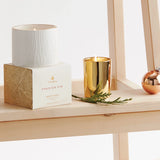 Gold candle and white candle with packaging on a wooden surface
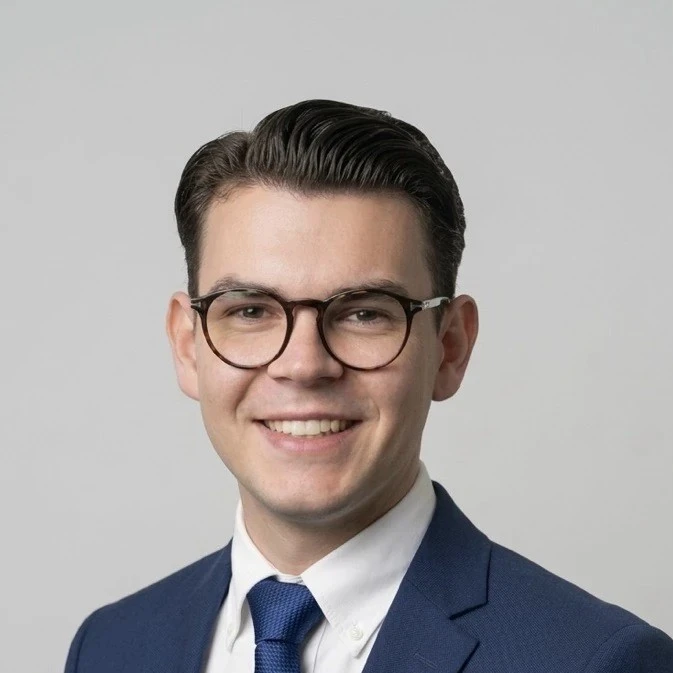 Constantin Bornée mit blauem Anzug, weißem Hemd und Brille vor hellem Hintergrund, Interzero, 2026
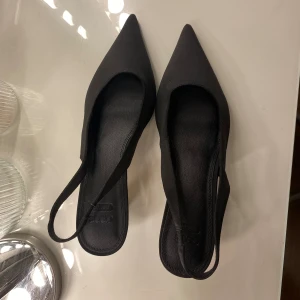 Svarta pumps med spetsig tå från ASOS - Säljer ett par svarta pumps från ASOS med spetsig tå och låg klack. Skorna har en elegant slingback-rem. Endast använd en gång på min bal🩷 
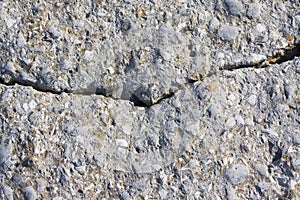 Concrete wall background with a deep crack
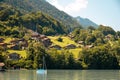 View of Brienz lake with clear turquoise water. Sailing boats. Traditional wooden houses on the shore of Brienz lake in Royalty Free Stock Photo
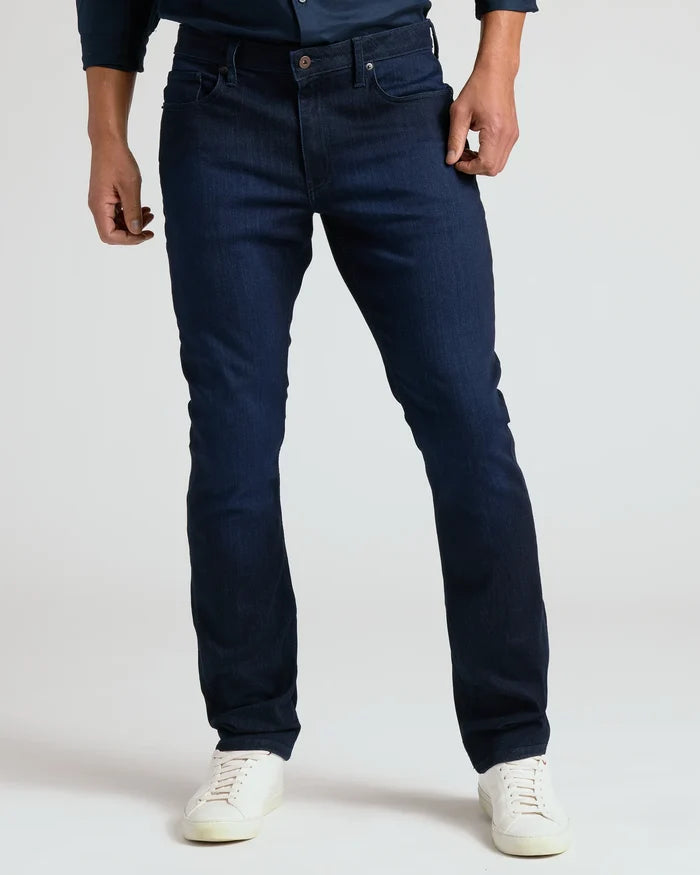 Person wearing dark blue jeans and white sneakers on a light gray background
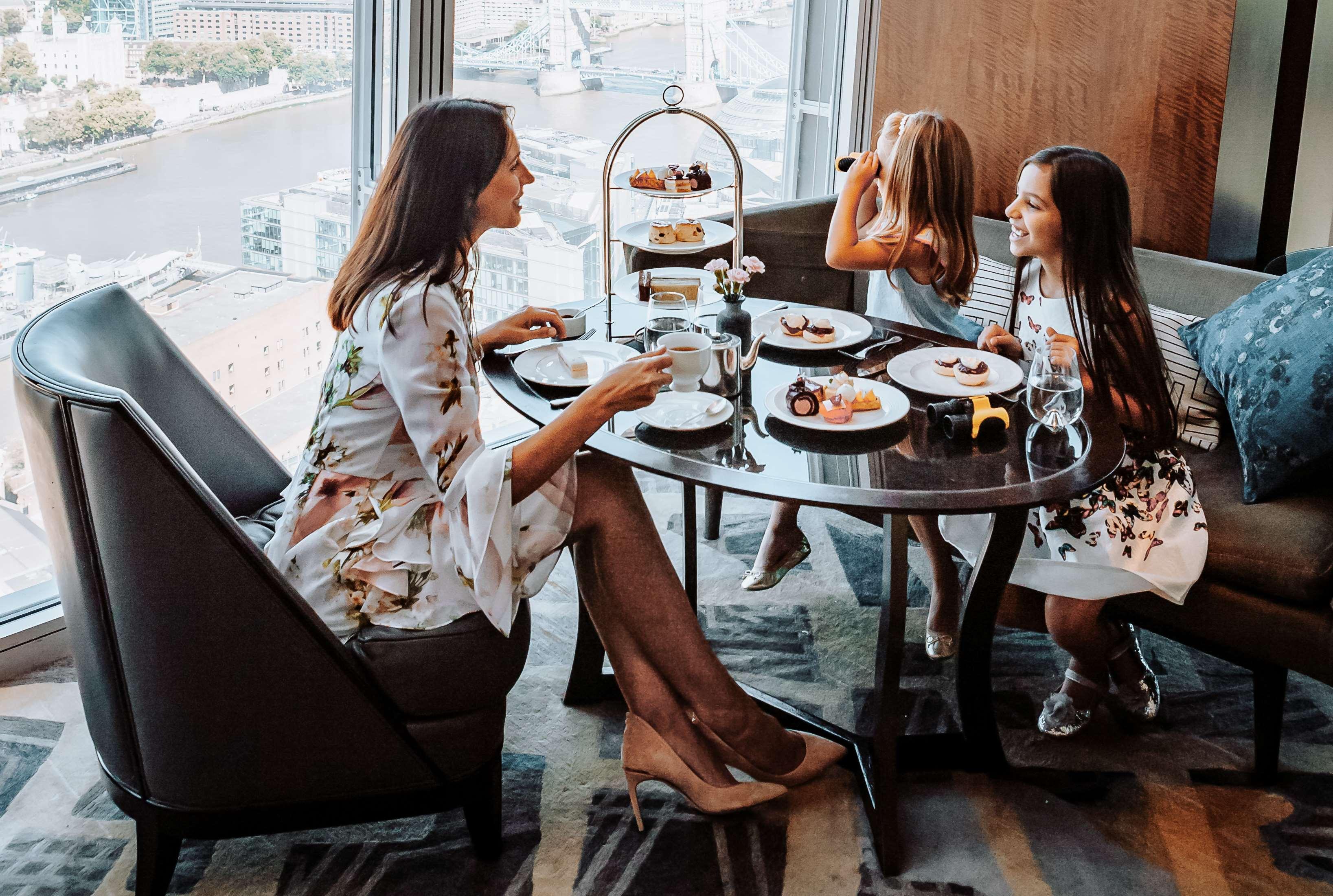 Shangri-La The Shard, London Exterior photo Afternoon tea at the Ritz-Carlton, DIFC, Dubai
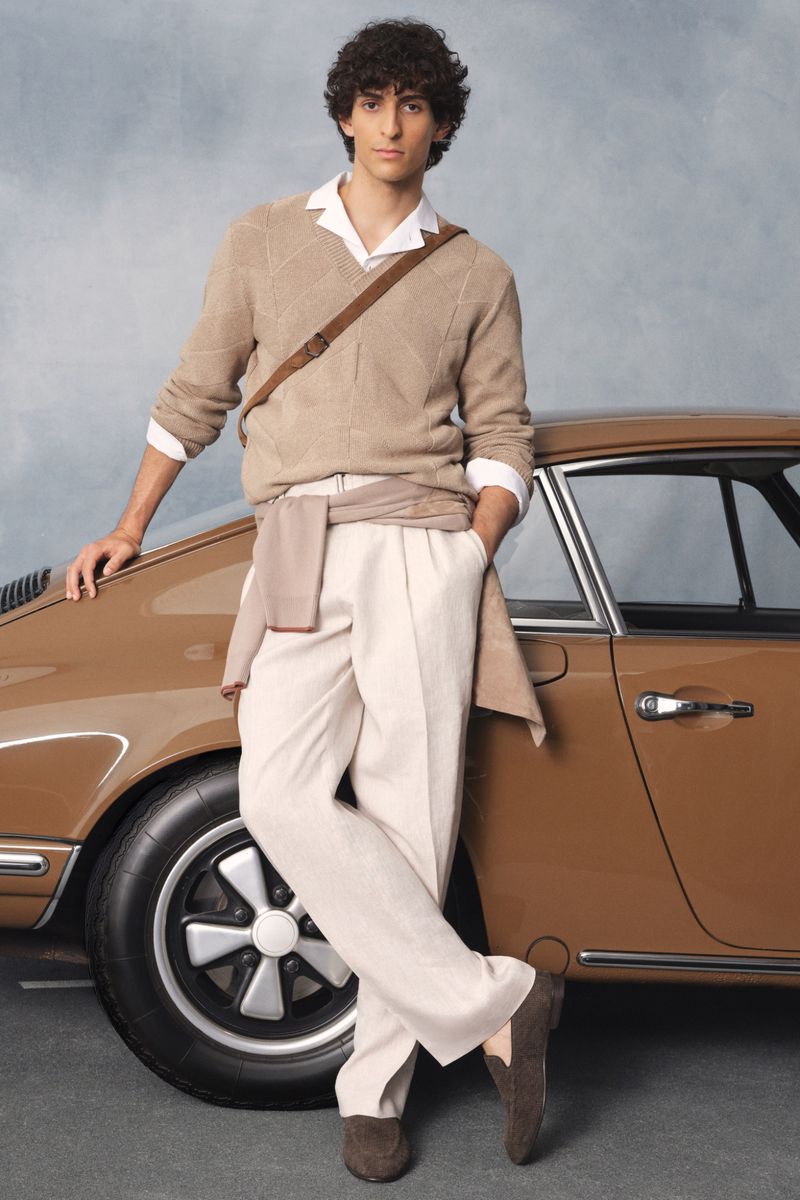 Adult male in a sweater poses next to a vintage brown car. He is wearing neutral-toned pants and leaning against the vehicle.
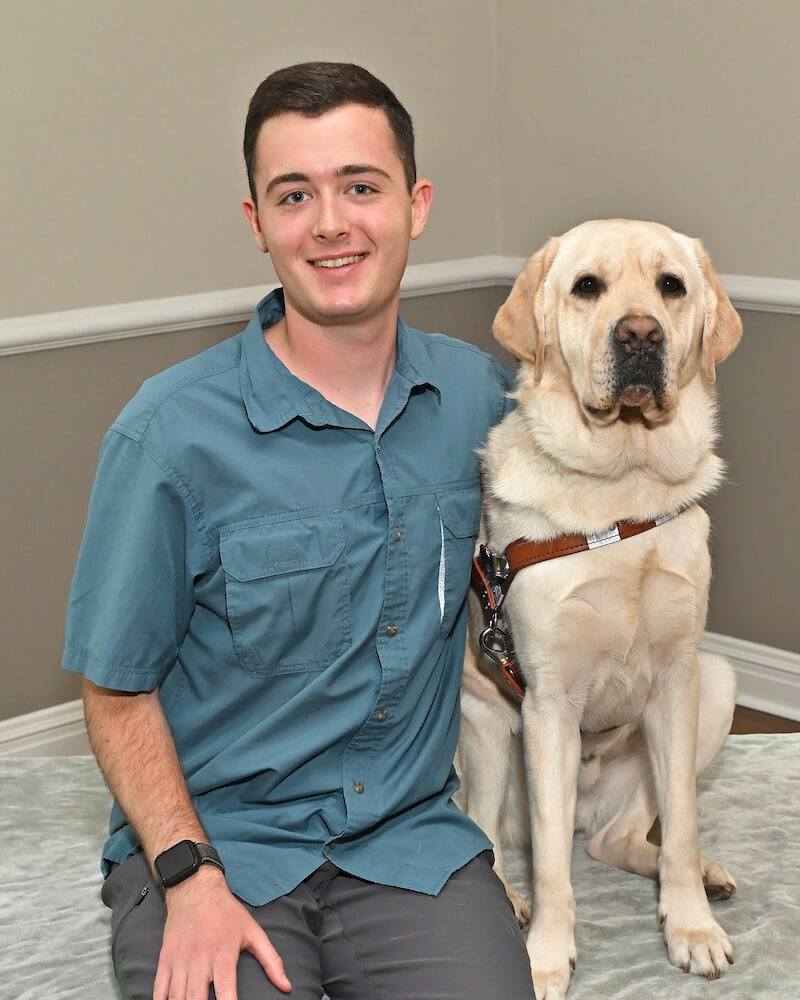 Jack and yellow Lab guide Laredo sit for they graduate portrait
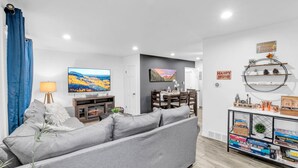 A modern living room with a grey sofa, a TV, a dining area, and a bookshelf with board games.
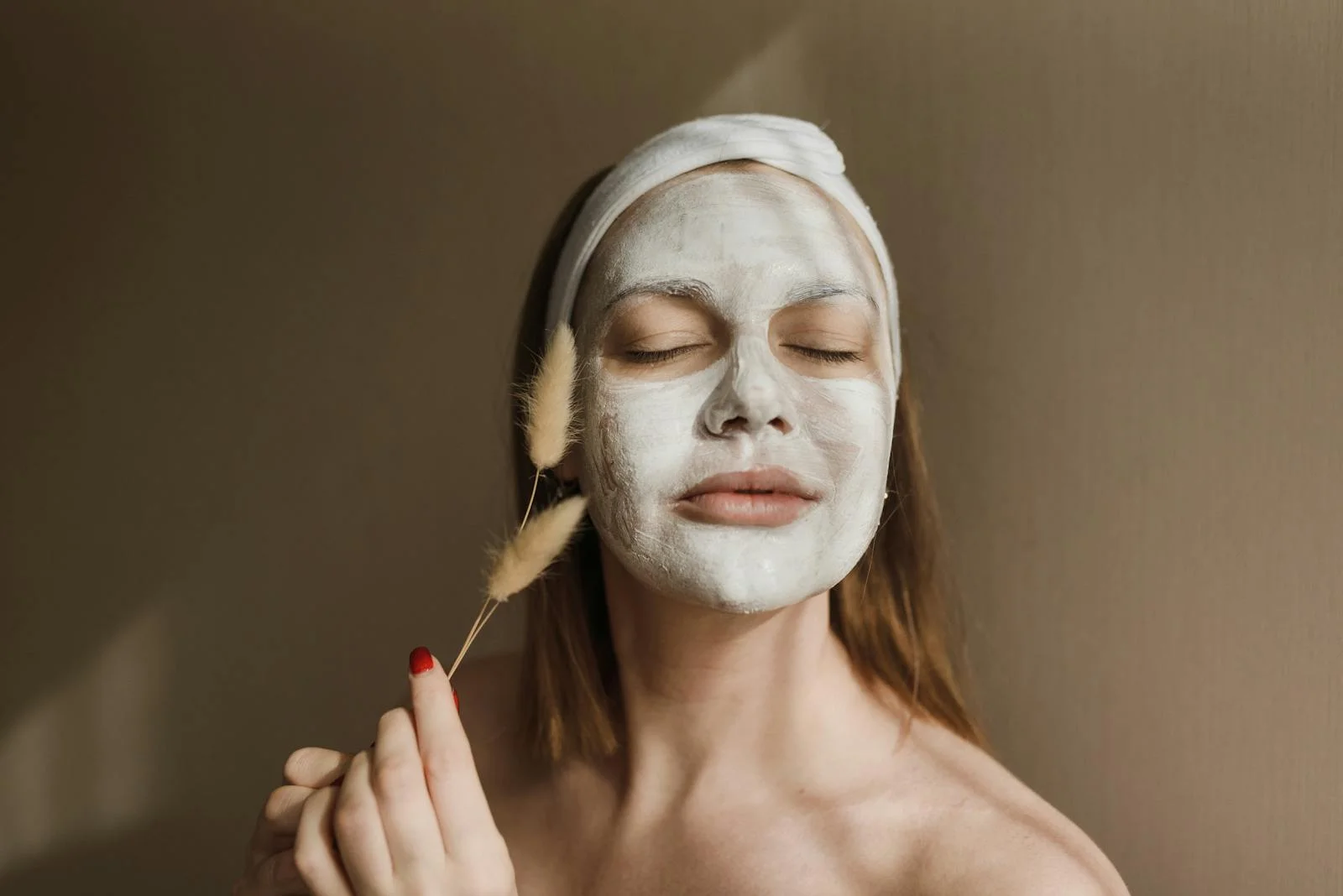 An adult woman enjoying a calming skincare session with a facial mask indoors.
+++
ASSIGNMENT: Transcribe exactly, and only, the lines from the line with "View of Brienz" through the last line of the records, inclusive; the pictures do not belong in the copy.

TASK OUTPUT:
 View of Brienz lake with clear turquoise water. Sailing boats. Traditional wooden houses on the shore of Brienz lake in Royalty Free Stock Photo
 Person wearing dark blue jeans and white sneakers on a light gray background
 Shangri-La The Shard, London Exterior photo Afternoon tea at the Ritz-Carlton, DIFC, Dubai
 Adult male in a sweater poses next to a vintage brown car. He is wearing neutral-toned pants and leaning against the vehicle.
 Jack and yellow Lab guide Laredo sit for they graduate portrait
 A modern living room with a grey sofa, a TV, a dining area, and a bookshelf with board games.
 An adult woman enjoying a calming skincare session with a facial mask indoors.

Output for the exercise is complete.